Ce phénomène est mondial. Le poids des risques, sinon leur dérive, ne cesse de croître. Le modèle, tel que nous le connaissons, est donc confronté au principe de réalité, celui de l’assurabilité et des conditions dans lesquelles elle peut se matérialiser. Jean-Paul Faugère l’a souligné en interpellant le secteur de l’assurance afin qu’il s’en préoccupe soulignant que les Pouvoirs publics ont fait leur part en matière de catastrophe naturelle. Certes, néanmoins en matière d’assurance santé, le même argument ne peut guère être soulevé, bien au contraire. Ce qui met en lumière un danger lié à la bonne santé de l’assurance. Celui de voir les responsables politiques, avec l’assentiment de l’opinion, se servir de l’assurance comme variable d’ajustement. Alors que l’enjeu est d’une toute autre nature. Le vice-président de l’ACPR s’en est d’ailleurs fait l’écho, appelant à développer des politiques de prévention soutenues, bien plus ambitieuses que celles que nous connaissons, à la fois pour maîtriser la dimension des risques, mais aussi pour aider à l’amélioration de la vie des assurés.
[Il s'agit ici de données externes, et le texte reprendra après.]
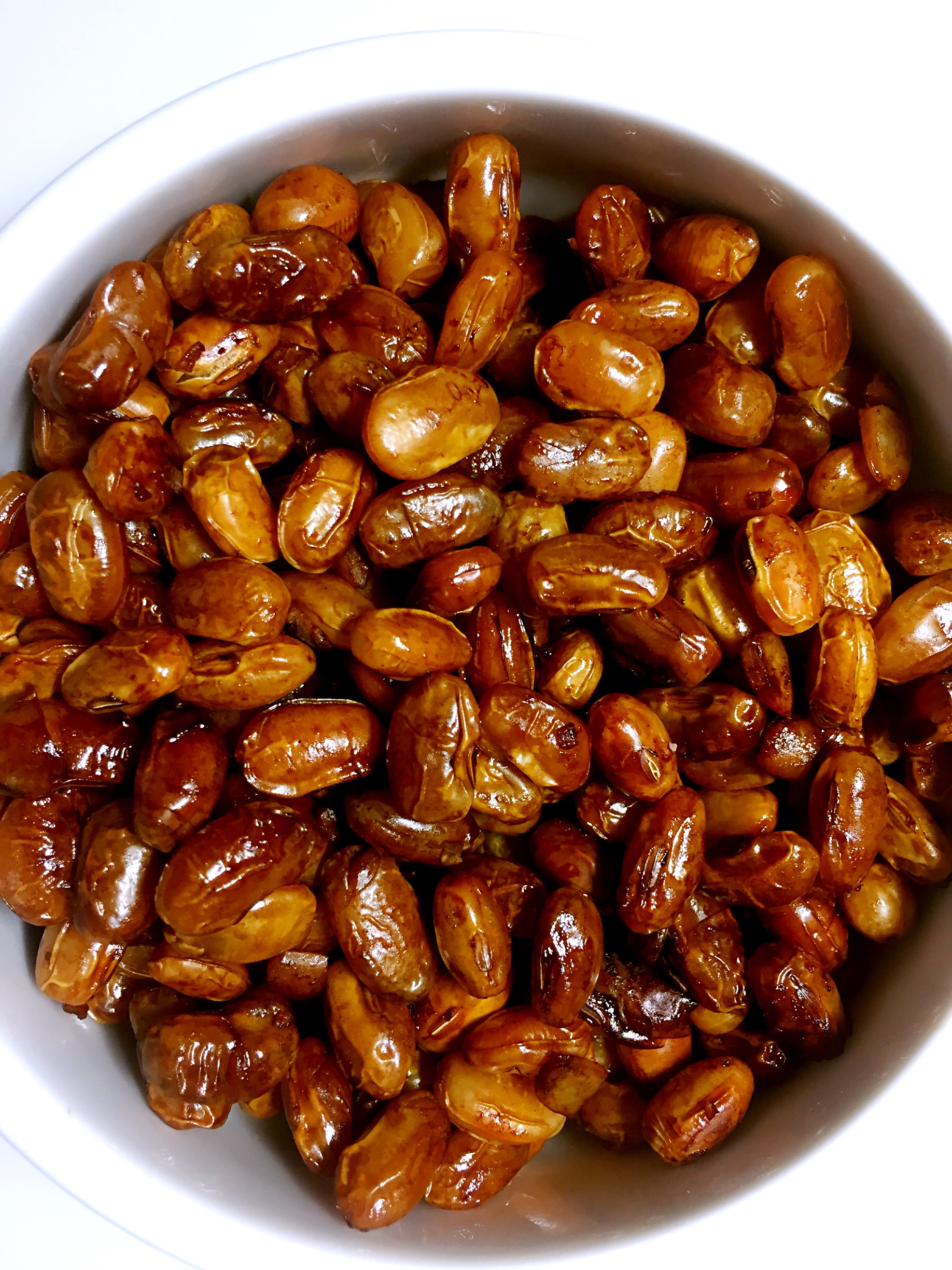 健康小零食蠔油黃豆的做法 步骤4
L’amélioration de la protection de la clientèle est le second grand thème abordé par le rapport. L’ACPR affiche la couleur « il faut mettre fin aux pratiques commerciales problématiques » en rappelant que la chaine de distribution est coresponsable de la mise en œuvre de la gouvernance. Ainsi la responsabilité des distributeurs est rappelée et bien sûr celle des courtiers grossistes. Ce n’est pas nouveau et figure au cœur de la réglementation de la DDA. En particulier, dans la sélection des distributeurs et dans le suivi de la commercialisation des contrats. L’ACPR rappelle que les animateurs de réseau ont une obligation de sélection rigoureuse. Ils doivent notamment apprécier la capacité opérationnelle à distribuer les produits concernés. Ils doivent ensuite assurer un suivi précis, du réseau et de la qualité des ventes, appuyé sur des indicateurs quantitatifs et qualitatifs (volumétrie, taux de chute, réclamations, renonciations, etc.). Ils doivent aussi procéder à des contrôles réguliers et à des mesures correctives graduées pouvant aller jusqu’à la rupture du partenariat. Il faut comprendre cette manière du régulateur d’enfoncer le clou comme un appel à la vigilance.
Enfin, le dernier grand sujet développé est celui de la Value for money3 dont l’ACPR a fait un dispositif central de la gouvernance des produits. En cela, elle en est la pionnière en Europe, mais l’arrivée de la RIS4 va la généraliser.
1 Rapport annuel 2025
2 Lire la chronique de Dominique Seux dans les Echos du 27 mai 2026.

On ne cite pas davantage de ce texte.